Videos are available online.

Dates: 27–28 September 2018, St. Louis, MO, United States

The ACM SIGPLAN Haskell Symposium 2018 will be co-located with the 2018 International Conference on Functional Programming (ICFP), in St. Louis, MO, United States. The Haskell Symposium aims to present original research on Haskell, discuss practical experience and future development of the language, and to promote other forms of denotative programming.

Topics of interest include:

Language design, with a focus on possible extensions and modifications of Haskell as well as critical discussions of the status quo;

Theory, such as formal semantics of the present language or future extensions, type systems, effects, metatheory, and foundations for program analysis and transformation;

Implementations, including program analysis and transformation, static and dynamic compilation for sequential, parallel, and distributed architectures, memory management, as well as foreign function and component interfaces;

Libraries, that demonstrate new ideas or techniques for functional programming in Haskell;

Tools, such as profilers, tracers, debuggers, preprocessors, and testing tools;

Applications, to scientific and symbolic computing, databases, multimedia, telecommunication, the web, and so forth;

Functional Pearls, being elegant and instructive programming examples;

Experience Reports, to document general practice and experience in education, industry, or other contexts.

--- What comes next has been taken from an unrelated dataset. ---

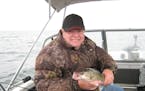 Cliff "Buddy'' Buland of Bloomington caught this walleye on Mille Lacs. He loved to hunt and fish and spend time at the family cabin near Outing. His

System Demonstrations, based on running software rather than novel research results. Regular papers should explain their research contributions in both general and technical terms, identifying what has been accomplished, explaining why it is significant, and relating it to previous work, and to other languages where appropriate.

Experience reports and functional pearls need not necessarily report original academic research results. For example, they may instead report reusable programming idioms, elegant ways to approach a problem, or practical experience that will be useful to other users, implementors, or researchers. The key criterion for such a paper is that it makes a contribution from which other Haskellers can benefit. It is not enough simply to describe a standard solution to a standard programming problem, or report on experience where you used Haskell in the standard way and achieved the result you were expecting. More advice is available via the Haskell wiki.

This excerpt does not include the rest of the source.